*** Block opens ***

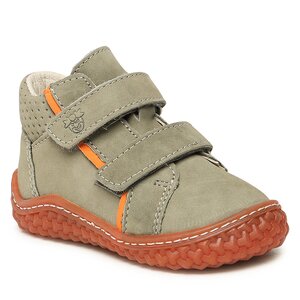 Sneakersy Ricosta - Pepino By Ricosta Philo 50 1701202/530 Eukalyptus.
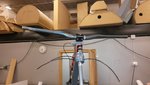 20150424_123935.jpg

*** Block closes ***
*** Block opens ***

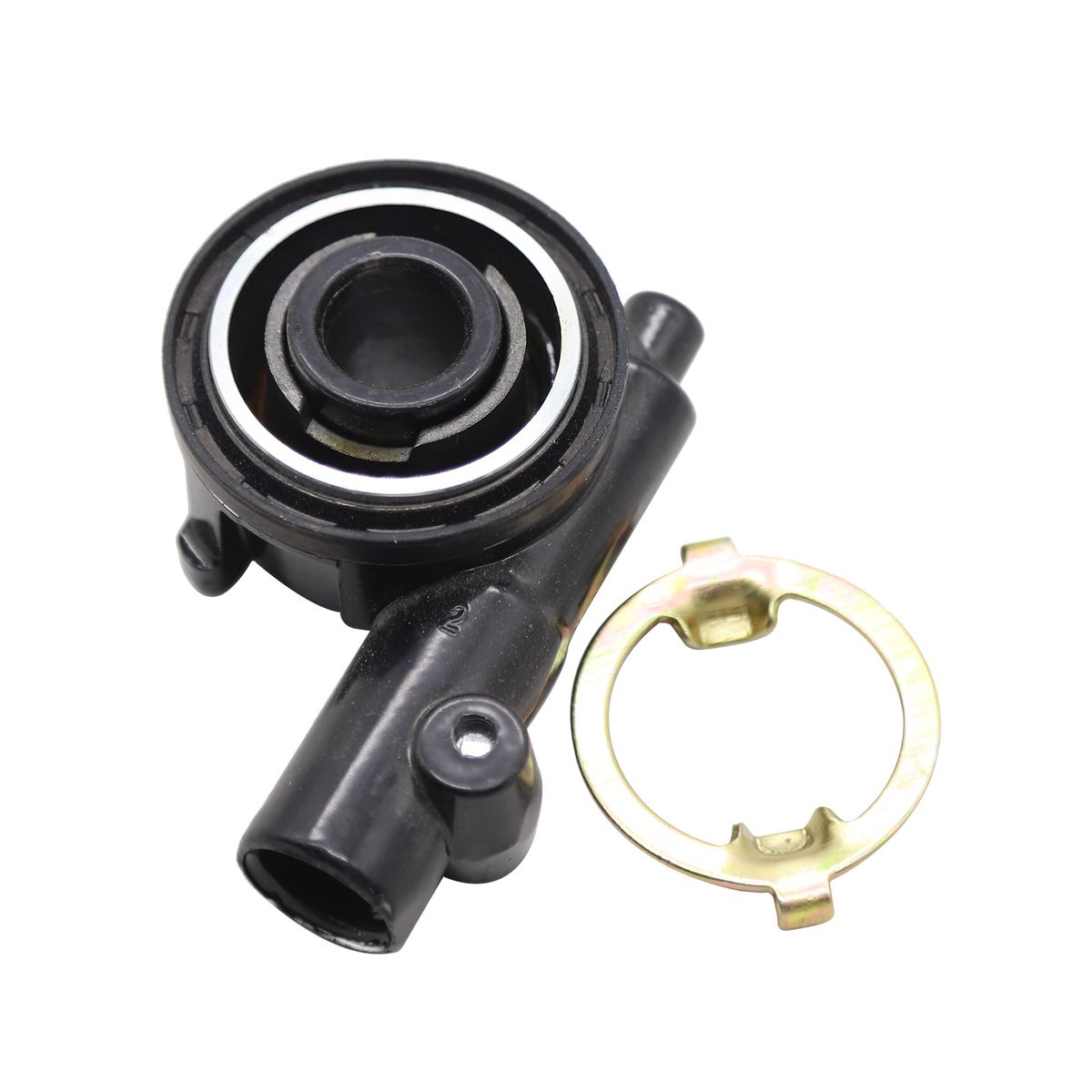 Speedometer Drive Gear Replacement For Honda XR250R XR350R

*** Block closes ***
*** Block opens ***

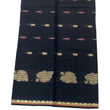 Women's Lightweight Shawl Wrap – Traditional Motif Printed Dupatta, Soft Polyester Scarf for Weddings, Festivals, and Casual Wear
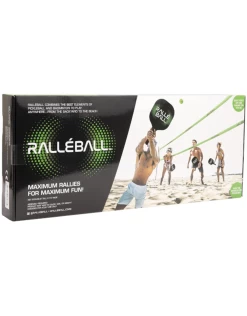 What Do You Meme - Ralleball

*** Block closes ***

### What you have to do
Within the data above, repeat exactly the lines from the one bearing "Sneakersy Ricosta - Pepino" through the one bearing "20150424_123935.jpg". Include no pictures and nothing else.

### Output for this task
 Sneakersy Ricosta - Pepino By Ricosta Philo 50 1701202/530 Eukalyptus.
 20150424_123935.jpg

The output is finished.